START TASK INPUT
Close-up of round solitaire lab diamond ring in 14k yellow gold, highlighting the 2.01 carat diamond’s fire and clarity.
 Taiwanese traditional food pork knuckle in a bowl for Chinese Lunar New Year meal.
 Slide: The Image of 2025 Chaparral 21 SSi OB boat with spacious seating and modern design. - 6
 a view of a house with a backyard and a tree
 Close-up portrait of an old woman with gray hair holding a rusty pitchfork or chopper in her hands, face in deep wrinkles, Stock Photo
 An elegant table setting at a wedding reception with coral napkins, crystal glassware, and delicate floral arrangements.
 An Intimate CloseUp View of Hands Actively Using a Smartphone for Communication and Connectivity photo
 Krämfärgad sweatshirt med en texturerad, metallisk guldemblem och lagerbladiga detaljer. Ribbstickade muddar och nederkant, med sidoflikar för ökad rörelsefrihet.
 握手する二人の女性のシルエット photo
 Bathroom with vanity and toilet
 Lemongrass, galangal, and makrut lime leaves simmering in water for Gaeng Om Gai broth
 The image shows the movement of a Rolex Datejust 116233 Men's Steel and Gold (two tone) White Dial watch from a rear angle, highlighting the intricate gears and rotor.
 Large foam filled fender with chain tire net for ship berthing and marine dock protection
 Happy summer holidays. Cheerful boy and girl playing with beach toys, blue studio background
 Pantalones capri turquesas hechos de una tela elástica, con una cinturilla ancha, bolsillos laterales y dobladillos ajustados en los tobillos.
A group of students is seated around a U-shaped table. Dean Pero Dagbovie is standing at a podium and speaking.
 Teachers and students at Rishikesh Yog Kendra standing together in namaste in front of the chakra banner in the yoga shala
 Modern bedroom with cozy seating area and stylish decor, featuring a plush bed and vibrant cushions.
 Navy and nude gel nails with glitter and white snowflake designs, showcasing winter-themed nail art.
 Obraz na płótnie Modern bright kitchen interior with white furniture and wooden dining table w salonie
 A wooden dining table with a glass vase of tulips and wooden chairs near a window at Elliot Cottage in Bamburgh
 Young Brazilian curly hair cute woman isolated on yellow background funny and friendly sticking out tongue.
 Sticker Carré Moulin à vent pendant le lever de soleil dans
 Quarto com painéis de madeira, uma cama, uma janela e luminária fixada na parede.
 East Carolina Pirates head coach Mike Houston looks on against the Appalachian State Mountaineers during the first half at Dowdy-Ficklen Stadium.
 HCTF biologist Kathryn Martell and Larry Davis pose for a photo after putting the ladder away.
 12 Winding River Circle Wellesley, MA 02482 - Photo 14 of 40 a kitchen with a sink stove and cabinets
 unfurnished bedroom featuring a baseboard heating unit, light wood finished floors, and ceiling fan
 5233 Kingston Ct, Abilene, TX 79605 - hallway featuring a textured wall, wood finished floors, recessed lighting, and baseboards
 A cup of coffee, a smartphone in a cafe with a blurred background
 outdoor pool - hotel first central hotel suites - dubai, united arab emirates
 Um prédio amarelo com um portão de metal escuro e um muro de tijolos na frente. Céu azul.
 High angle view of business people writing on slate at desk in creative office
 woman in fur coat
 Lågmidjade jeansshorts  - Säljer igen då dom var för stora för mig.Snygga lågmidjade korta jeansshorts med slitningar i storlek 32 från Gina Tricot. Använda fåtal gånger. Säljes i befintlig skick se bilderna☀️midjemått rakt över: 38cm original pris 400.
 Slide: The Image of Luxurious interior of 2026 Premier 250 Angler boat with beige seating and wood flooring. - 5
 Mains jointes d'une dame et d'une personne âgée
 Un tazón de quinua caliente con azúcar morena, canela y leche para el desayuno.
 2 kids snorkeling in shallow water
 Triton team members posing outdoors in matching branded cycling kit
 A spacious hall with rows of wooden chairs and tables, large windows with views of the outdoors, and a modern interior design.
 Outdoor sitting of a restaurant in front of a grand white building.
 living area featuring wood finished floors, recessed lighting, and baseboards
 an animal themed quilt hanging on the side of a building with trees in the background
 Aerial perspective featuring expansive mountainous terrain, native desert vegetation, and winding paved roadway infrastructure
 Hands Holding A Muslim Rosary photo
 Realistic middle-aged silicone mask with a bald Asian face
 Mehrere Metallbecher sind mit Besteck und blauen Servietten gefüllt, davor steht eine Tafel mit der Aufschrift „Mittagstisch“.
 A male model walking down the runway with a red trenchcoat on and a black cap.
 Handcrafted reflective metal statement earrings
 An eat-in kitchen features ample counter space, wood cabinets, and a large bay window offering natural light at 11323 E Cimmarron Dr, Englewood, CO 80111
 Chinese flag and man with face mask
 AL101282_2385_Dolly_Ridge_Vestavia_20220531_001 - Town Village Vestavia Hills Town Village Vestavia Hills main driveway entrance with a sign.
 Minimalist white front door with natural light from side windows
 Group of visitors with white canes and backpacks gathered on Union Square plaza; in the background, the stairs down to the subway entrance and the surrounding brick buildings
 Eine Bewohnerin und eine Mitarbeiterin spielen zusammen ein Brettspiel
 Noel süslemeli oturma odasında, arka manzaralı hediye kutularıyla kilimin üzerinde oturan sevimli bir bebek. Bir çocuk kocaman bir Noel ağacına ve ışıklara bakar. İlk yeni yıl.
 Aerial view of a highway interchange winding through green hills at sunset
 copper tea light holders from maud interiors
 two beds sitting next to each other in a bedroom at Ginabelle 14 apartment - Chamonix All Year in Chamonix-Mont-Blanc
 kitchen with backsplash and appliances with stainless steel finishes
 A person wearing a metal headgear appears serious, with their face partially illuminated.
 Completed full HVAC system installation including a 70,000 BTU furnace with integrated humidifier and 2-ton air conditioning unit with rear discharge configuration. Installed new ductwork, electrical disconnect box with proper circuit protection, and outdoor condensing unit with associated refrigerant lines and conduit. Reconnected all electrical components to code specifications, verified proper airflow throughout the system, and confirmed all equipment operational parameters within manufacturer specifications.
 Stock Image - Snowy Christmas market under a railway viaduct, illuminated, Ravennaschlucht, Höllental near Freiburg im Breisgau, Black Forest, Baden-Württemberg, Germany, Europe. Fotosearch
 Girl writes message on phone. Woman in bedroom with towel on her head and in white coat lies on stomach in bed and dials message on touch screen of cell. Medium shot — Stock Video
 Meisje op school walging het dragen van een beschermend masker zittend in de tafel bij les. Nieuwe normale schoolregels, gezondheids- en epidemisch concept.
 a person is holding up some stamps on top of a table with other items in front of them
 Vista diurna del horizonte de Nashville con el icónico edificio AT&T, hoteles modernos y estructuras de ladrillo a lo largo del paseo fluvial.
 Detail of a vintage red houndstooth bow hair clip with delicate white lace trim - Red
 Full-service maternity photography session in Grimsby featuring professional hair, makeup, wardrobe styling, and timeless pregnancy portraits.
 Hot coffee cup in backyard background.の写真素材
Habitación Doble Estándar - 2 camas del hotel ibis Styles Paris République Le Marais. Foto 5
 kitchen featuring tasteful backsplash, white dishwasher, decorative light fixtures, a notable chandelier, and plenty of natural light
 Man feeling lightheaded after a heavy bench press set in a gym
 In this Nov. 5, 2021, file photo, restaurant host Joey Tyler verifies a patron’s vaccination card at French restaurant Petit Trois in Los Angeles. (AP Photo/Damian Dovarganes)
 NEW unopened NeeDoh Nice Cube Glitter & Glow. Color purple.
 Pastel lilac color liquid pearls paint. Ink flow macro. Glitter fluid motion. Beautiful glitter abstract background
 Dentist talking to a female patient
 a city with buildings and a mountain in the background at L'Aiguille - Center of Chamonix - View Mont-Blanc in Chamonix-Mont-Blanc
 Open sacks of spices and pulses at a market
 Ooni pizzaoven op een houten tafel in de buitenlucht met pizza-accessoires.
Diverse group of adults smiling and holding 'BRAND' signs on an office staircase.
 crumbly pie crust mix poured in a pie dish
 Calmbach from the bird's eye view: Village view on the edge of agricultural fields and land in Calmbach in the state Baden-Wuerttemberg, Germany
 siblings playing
END TASK INPUT
Would you state how many lines in the listing above contain the word "illuminated"? Reply with the number and no other words.

2